*Records provided*:
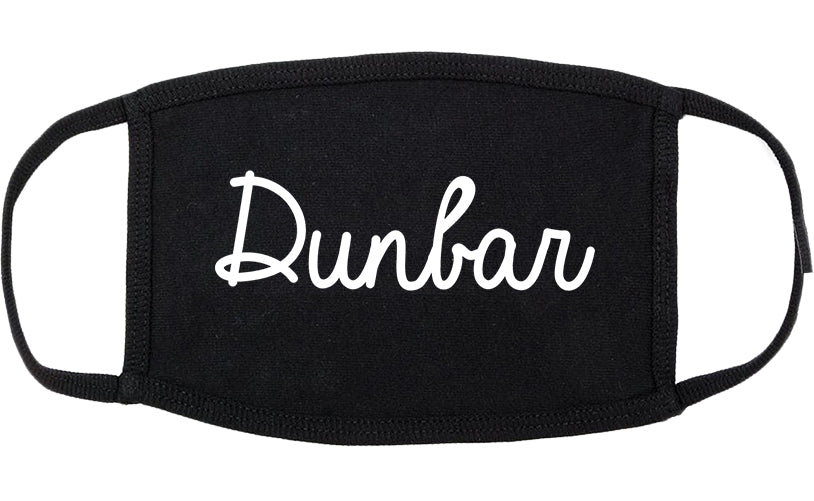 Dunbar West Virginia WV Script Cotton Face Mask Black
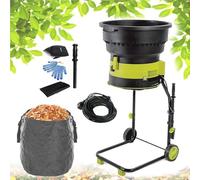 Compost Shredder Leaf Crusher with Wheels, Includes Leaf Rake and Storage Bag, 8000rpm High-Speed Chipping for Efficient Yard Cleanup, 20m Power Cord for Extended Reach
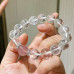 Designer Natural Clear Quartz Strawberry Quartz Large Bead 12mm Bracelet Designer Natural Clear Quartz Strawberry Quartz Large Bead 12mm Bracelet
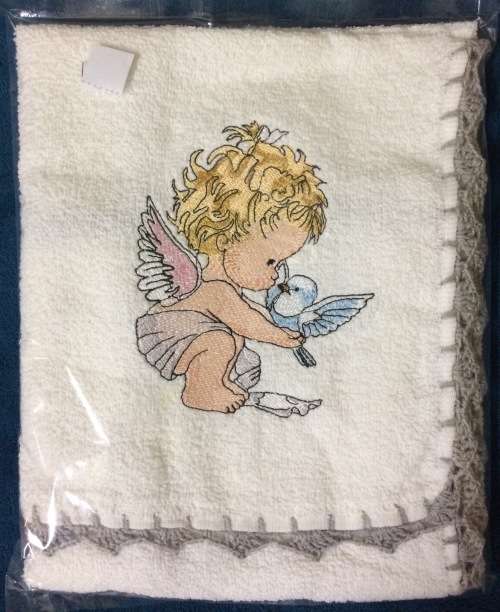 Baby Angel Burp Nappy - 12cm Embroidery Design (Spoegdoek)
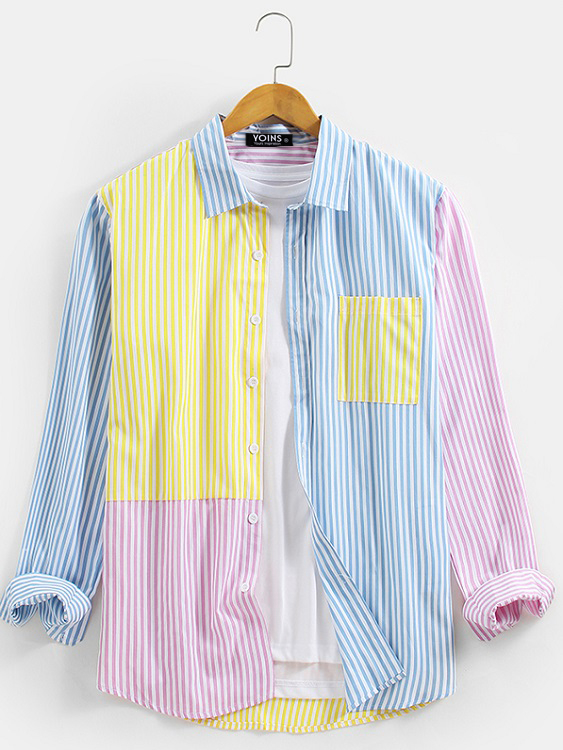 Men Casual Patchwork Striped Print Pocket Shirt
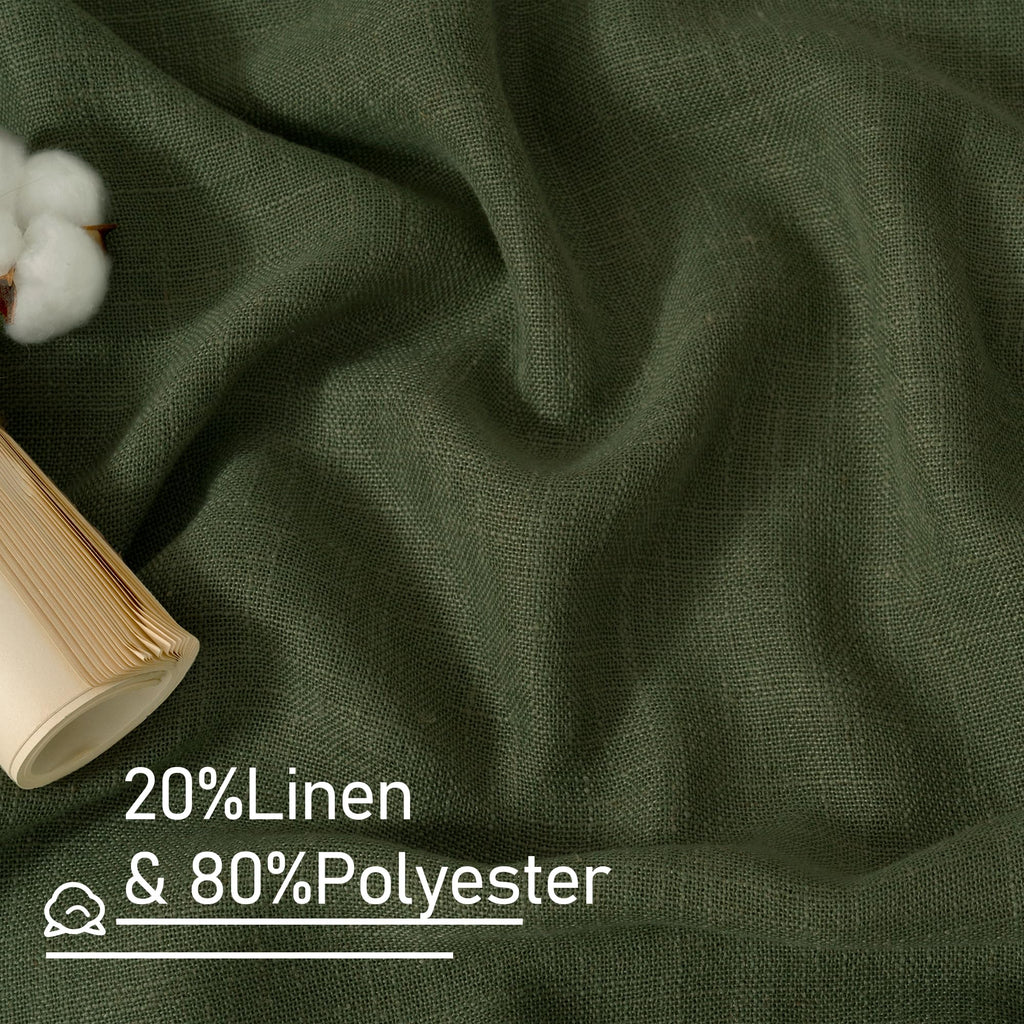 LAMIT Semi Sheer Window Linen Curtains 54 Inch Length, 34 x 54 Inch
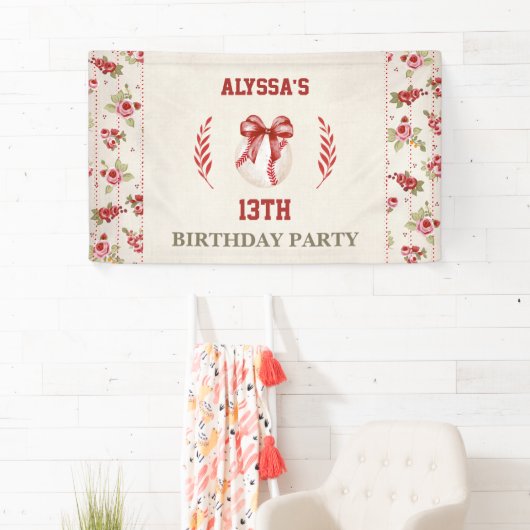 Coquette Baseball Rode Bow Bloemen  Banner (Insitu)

*Exercise description*: Please transcribe the lines from the one containing "Baby Angel Burp" to the last line of the listing, both included, exactly and with nothing added, leaving every picture out.

*Answer box*:
 Baby Angel Burp Nappy - 12cm Embroidery Design (Spoegdoek)
 Men Casual Patchwork Striped Print Pocket Shirt
 LAMIT Semi Sheer Window Linen Curtains 54 Inch Length, 34 x 54 Inch
 Coquette Baseball Rode Bow Bloemen  Banner (Insitu)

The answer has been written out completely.